Tuhan, ternyata setrauma dan seberantakan ini hidupku. Melintasi jalanan ini saja rasanya aku tidak sanggup lagi. Saras mengusap kelopak mata yang sedikit basah sambil menarik napas.
Dia berada di pertigaan jalan, duduk menghadap ke sebuah bangunan megah. Sebuah gedung yang beroperasi di dunia pendidikan menengah pertama. Katanya, tempat itu menjadi tujuan anak-anak cerdas menuntut ilmu. Ya, memang begitu fakta yang dipaparkan media setempat mengenai hasil ujian nasional setiap tahunnya. Saras pun memiliki kenangan tersendiri di tempat itu. Namun, bukan tentang prestasinya semasa sekolah. Melainkan, gedung dengan nuansa cream-orange itu menjadi salah satu saksi awal kehancuran hidup Saras.
Minggir-minggir! Kita harus segera melakukan pertolongan.

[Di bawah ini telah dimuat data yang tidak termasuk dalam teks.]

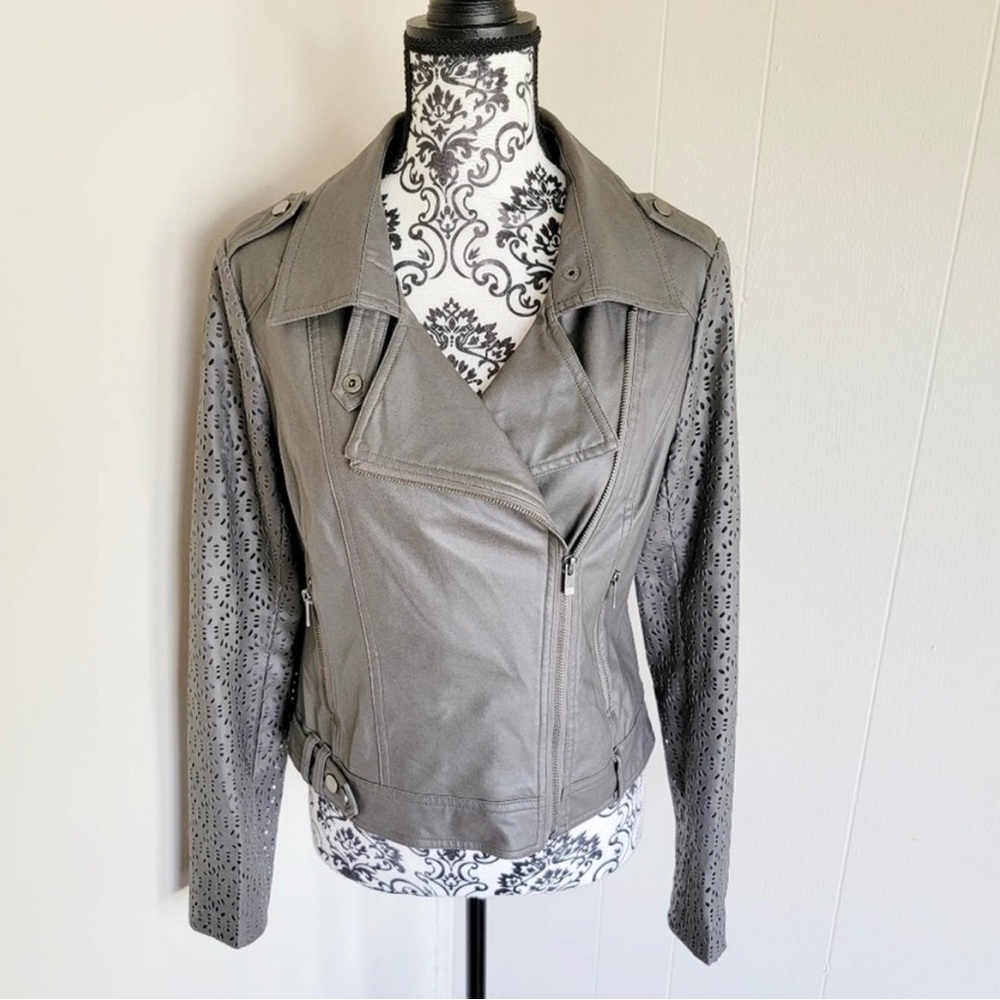 Blanc Noir Vegan Leather Moto Jacket Gray Laser Cut Sleeves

Kalimat yang terucap dari salah satu petugas kepolisian setempat waktu itu terngiang di kepala. Saras menatap sayu bangku kayu yang mulai lapuk berada di samping gedung sekolah, seketika memorinya kembali berjalan memutarkan adegan demi adegan bak film genre thriller. Benar-benar lengkap seperti adanya adegan kepolisian mengurus sebuah kasus. “Apakah di bangku itu masih ada bekas darah yang mengering?” ucap Saras dengan suara lirih, sedikit tertahan karena d**a masih terasa sangat sesak.
Ah, kayu lapuk itu sudah tidak sekotor waktu lalu. Pastinya, sisa-sisa darah sudah menghilang tergerus air hujan. Apalagi, dalam jangka waktu dua tahun. Mungkin, papan panjang itu sudah mengukir kisah manis bersama seseorang yang pernah singgah, setelah kejadian memilukan itu.
Tidak lama kemudian, Saras tersadarkan oleh suara petir dan langit sudah menggelap. Sedangkan, dia masih terpaku dengan ingatan masa lalu. Ia buru-buru kembali mengendarai sepeda motor dengan tubuh yang gemetar menuju minimarket, sebelum terjebak hujan.
“Saras!” panggil seseorang dari depan minimarket persis saat Saras hendak membuka pintu kaca.